She glared at him some more before sighing. “… Ealea.”
“Ealea. I once met a powerful woman who carried that name. It means ‘wisdom’, does it not?”
“ ‘Mother’s wisdom’,” Ealea said. “The kind you won’t find in books and stories. The kind won’t make for a disguise.”
“Surely.” From the corner of his eye, Rannek watched the colonel pick up his vest and pull it over his sweaty shirt. “Tell you what, Ealea. I will ask you one more question before I leave.”
“I’m done talking.” She tried crossing her arms, and when the cuffs didn’t let her, she cast down her eyes defiantly.
“ ‘Know what you give up, for it is the mark of true strength.’ I believe the Ajan himself wrote that.”
»I do not like the names I hear coming from your lips,« Syrkanan said. A zipper hissed to Rannek’s back. »Do not make me drag you out myself, prefect.«
»I’m coming,« Rannek replied. He stood up from the bed, whose occupant had flinched for a breath when he had mentioned her grand leader. “I’m not asking on behalf of my people, I’m asking for a girl just like you. She’s out there, frightened, alone, and needs help. Would you rather have her die than let me be that help?” He found the crutch leaning against the desk, a small white square loaded with empty clipboards and pens. Rannek slipped his shoulder onto the pad. After the makeshift crutch that had carried him into the bowels of the earth and back, its softness and stability surprised him. He turned around and faced the girl. “Can you tell us anything about the man who attacked us and took Penroe?”
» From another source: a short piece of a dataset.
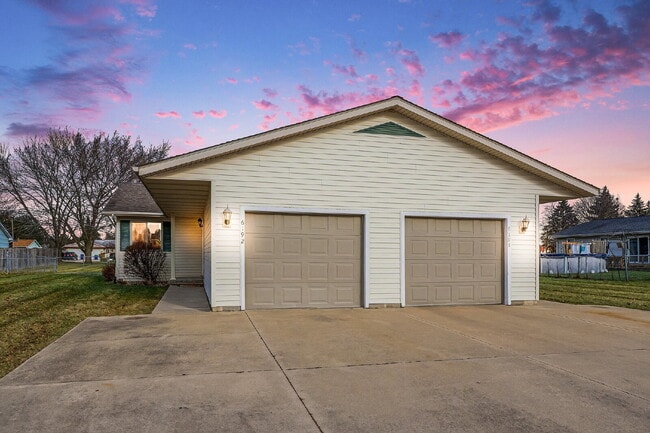 property at 6192 Whitcomb Dr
No reaction. The door had been fully opened, and the colonel had stepped out throwing him a look that told him not to linger. He pursed his lips. Villains make for poor saviors. He would talk to her again. He would get her to see reason, to trust him. A disguise—it nearly made him chuckle. Their culture wasn’t a disguise, on the contrary, it was a blade that could pry apart their distrust, make them engage with him. A blunt, imperfect weapon. Rannek hobbled to the door and had already put the tip of the crutch through it when the rebel spoke.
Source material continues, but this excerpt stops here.